Le piano, tout particulièrement, requiert mon attention, peut-être parce que j’en ai fait et ai eu la chance de croiser la route de certains pianistes comme Aldo Ciccolini. En ce début du XXIe siècle, les pianistes chinois font un tabac. Je n’évoquerai pas Lang Lang ( je l’écoute respectueusement mais ses mimiques m’irritent ), plutôt la jeune Juya Wang, au talent stupéfiant. Je l’ai découverte il y a dix ans et on commence enfin  à parler d’elle.
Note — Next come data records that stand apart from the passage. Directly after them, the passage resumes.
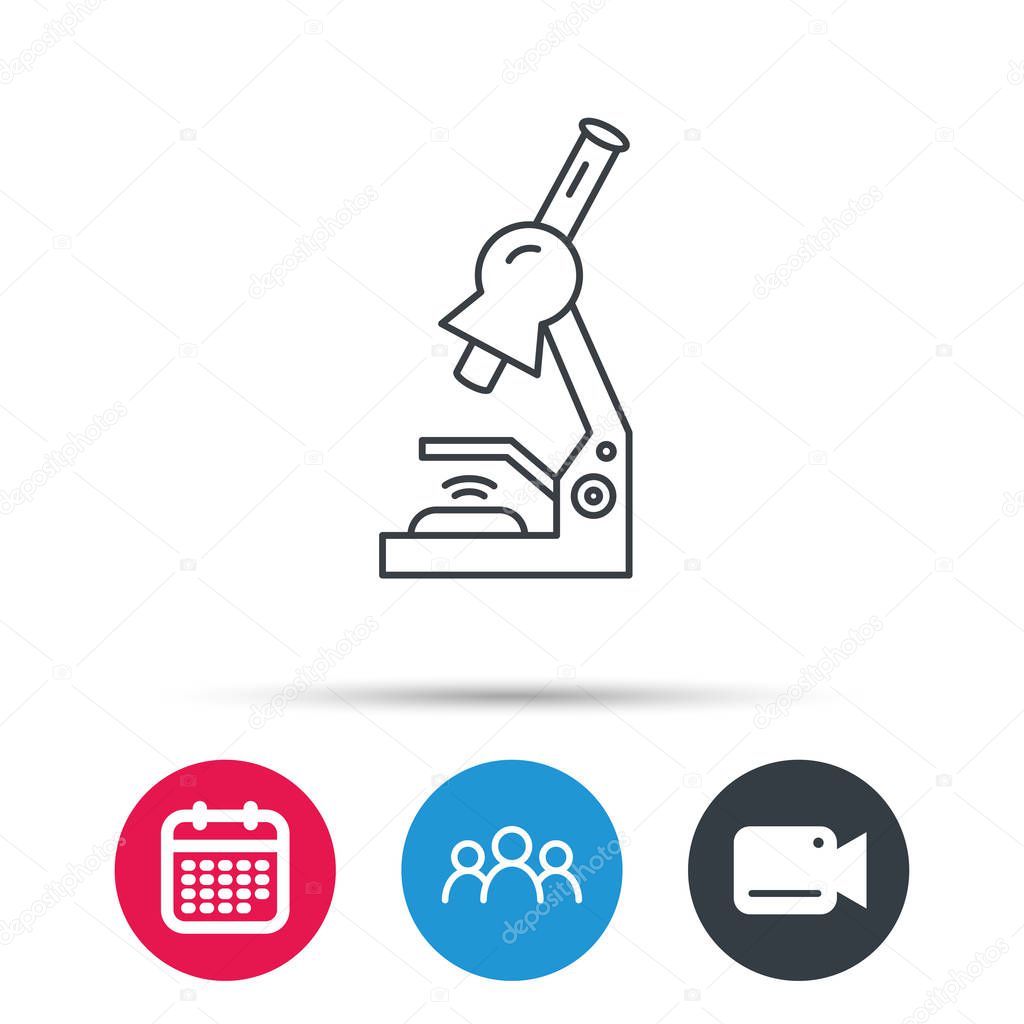 Microscope icon. Medical laboratory equipment sign. Pathology or scientific symbol. Group of people, video cam and calendar icons. Vector
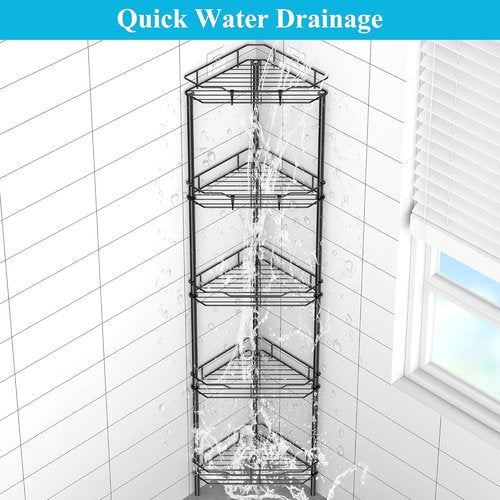 HuggieGems 5-Tier Corner Shower Caddy Organizer - Stylish Matt Black Bathroom Shelf with Hooks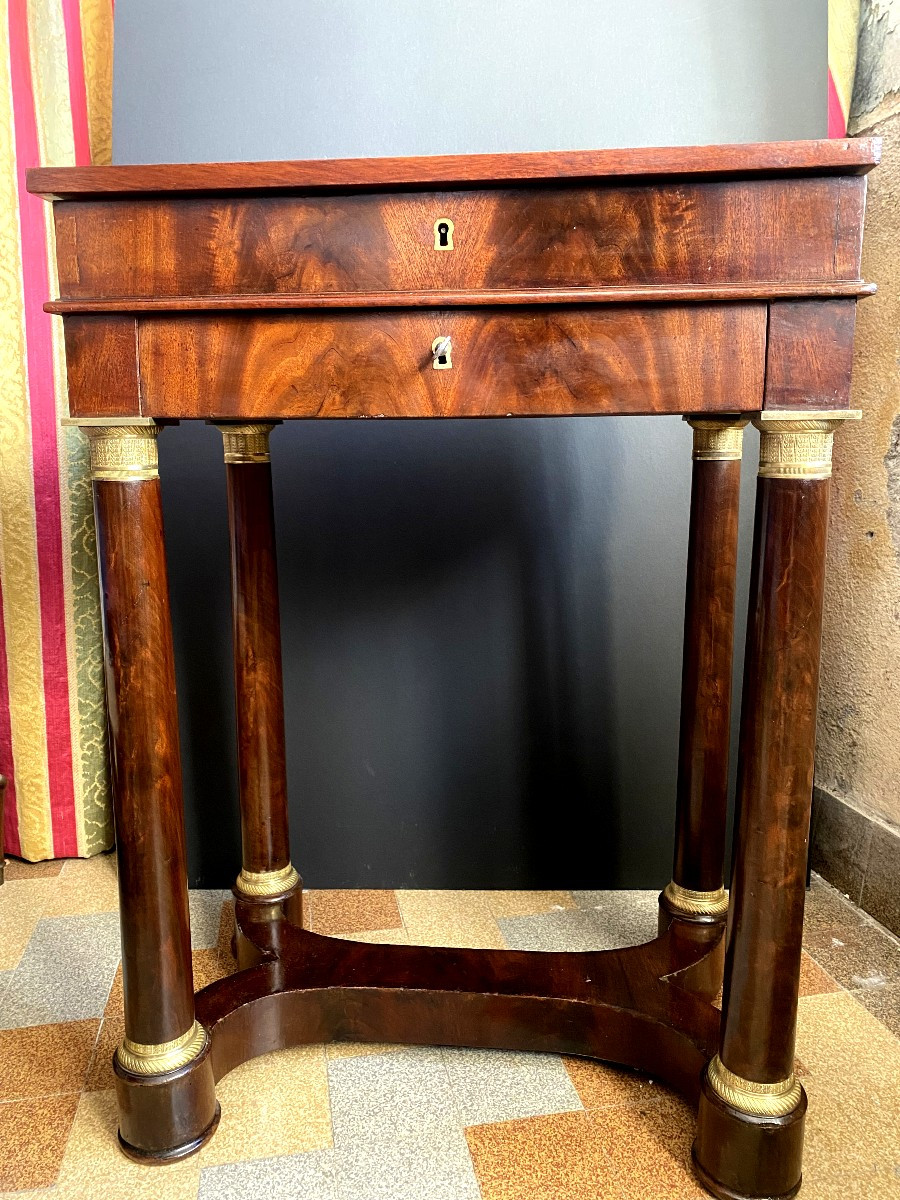 Precious First Empire Worker Column Legs With Cuban Mahogany Bracing 2 Drawers 1810-photo-3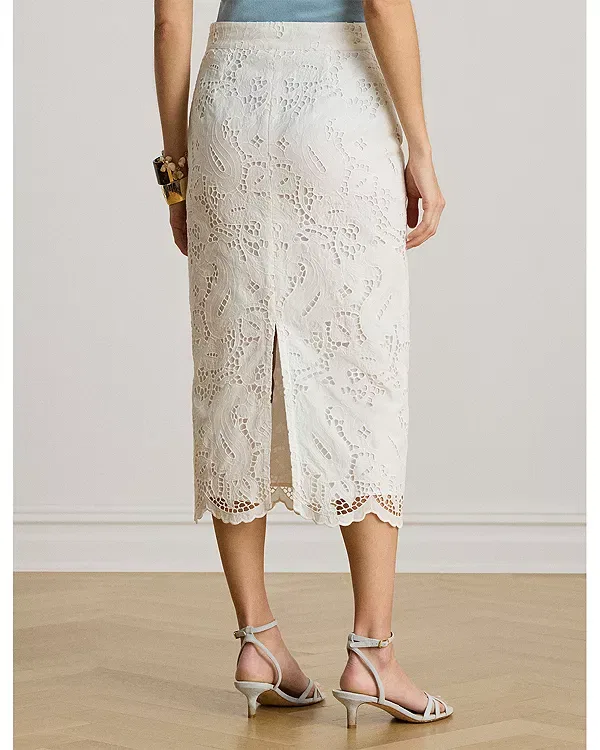 Женская юбка с вышивкой Paisley Eyelet Midi Pencil Skirt Ralph Lauren, белый — фото 3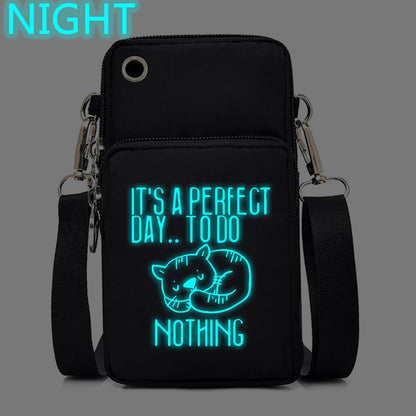 Women Luminous Messenger Bag Animal Lovers Hanging Neck Purse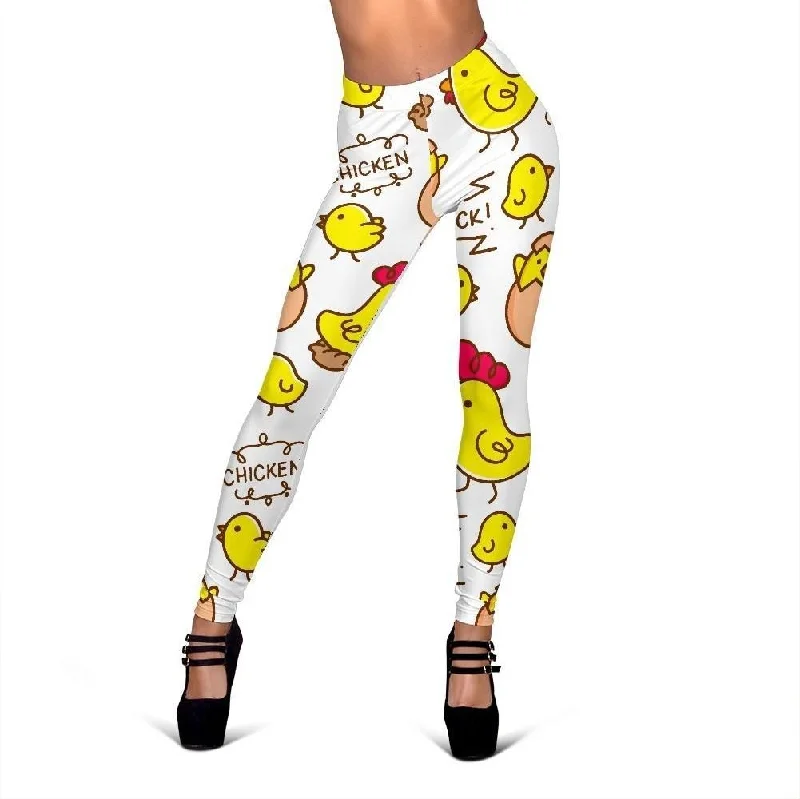 Farm Chicken Hen Chick Pattern Print Women Leggings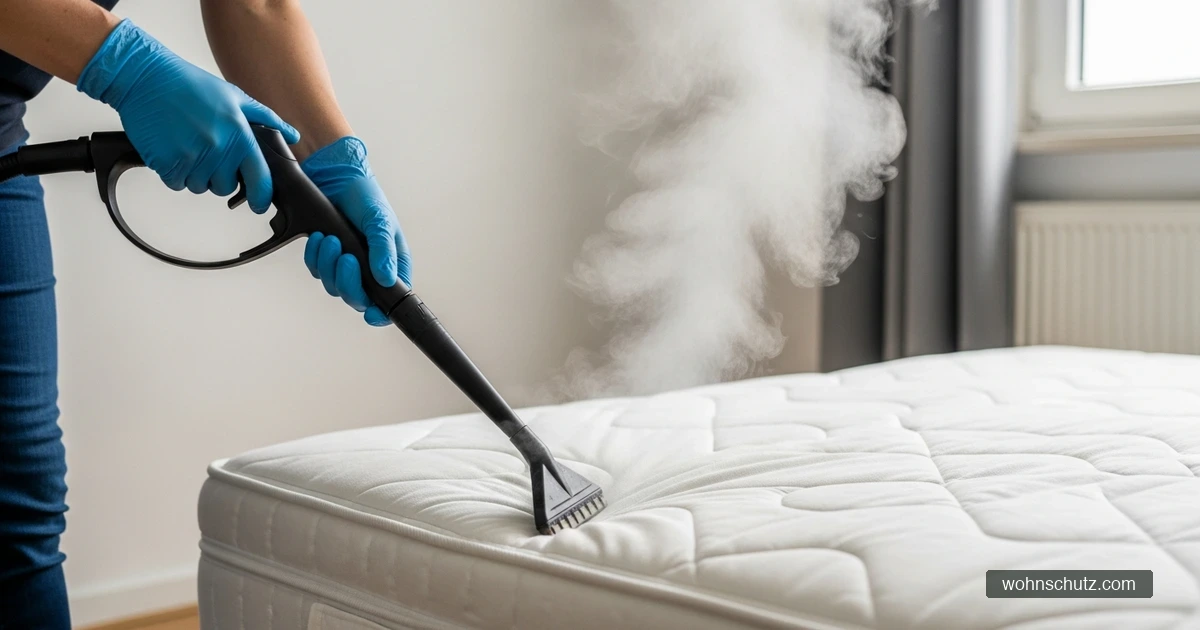 Dampfreiniger-Behandlung von Matratze und Bettrahmen gegen Bettwanzen in der Wohnung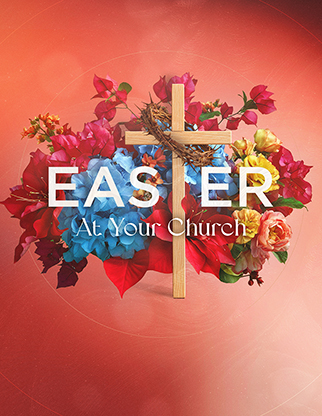 Easter At Your Church - Floral Wooden Cross: Flyer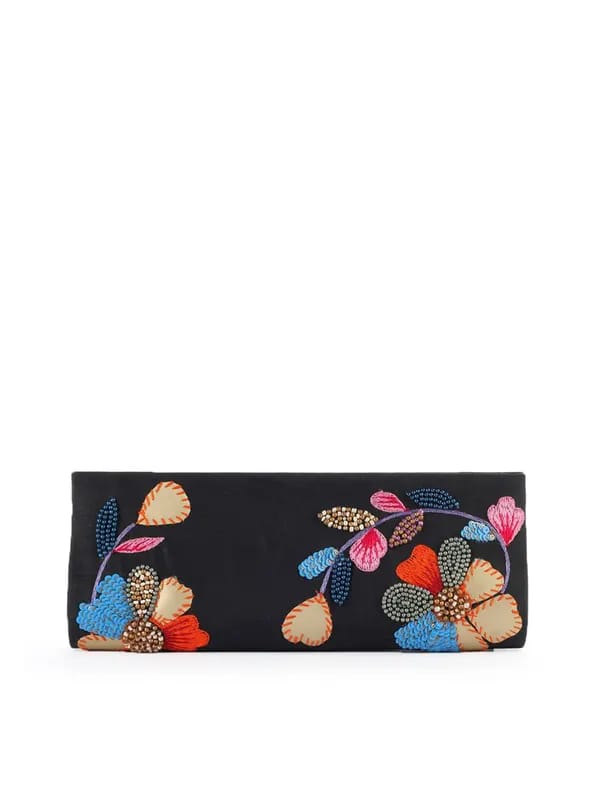 Spice Art Women Flower Embroidery Black Clutch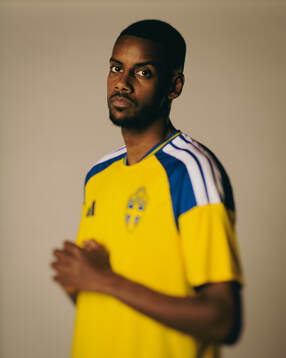 Alexander Isak of the Swedish national football team poses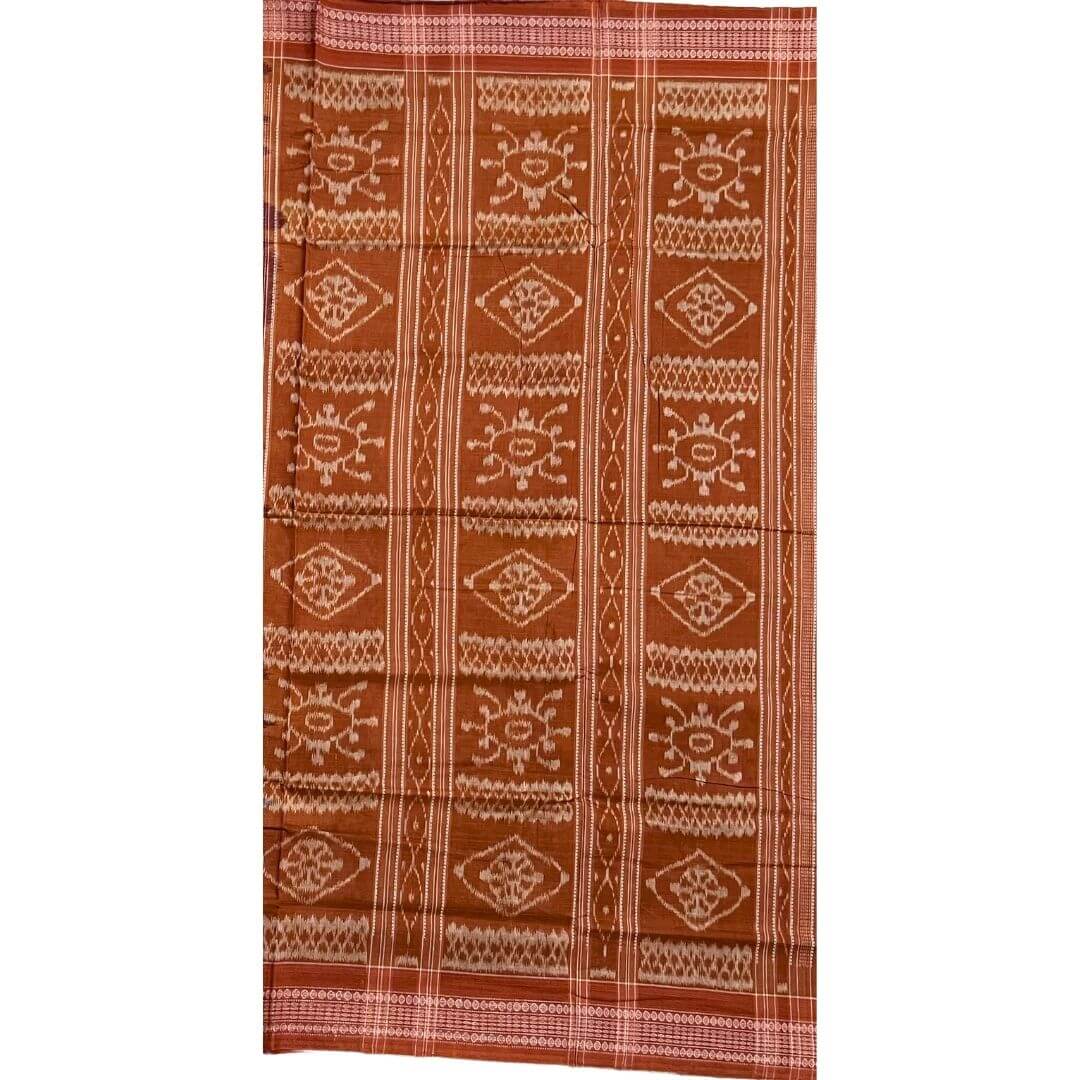 Handwoven Pure Cotton | Sambalpuri Saree - Light Grey and Maroon Colour - Taalapatra Vibes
Elle a ( à mes yeux, ou plutôt à mes oreilles ) renouvelé l’interprétation des Etudes symphoniques de Robert Schumann – et sa maîtrise dans les sonates de Prokofiev est stupéfiante.

Sur le plan vocal s’impose ( surtout dans Schubert ) le plus très jeune Thomas Quasthoff. Si je me risque dans le domaine vocal, je vais m’égarer, car les jeunes mezzo soprano actuelles sont pleines de talents – la voix touche peu de public, je le sais. Un ( dernier ) mot sur la formation Les Disssonances ( à l’origine un quatuor ) et leur créateur David Grimal. L’orchestre sans chef qu’il a réuni a donné récemment un Sacre du Printemps exemplaire, une vraie performance car cette œuvre est acrobatique à diriger ; alors sans chef… il faut le faire !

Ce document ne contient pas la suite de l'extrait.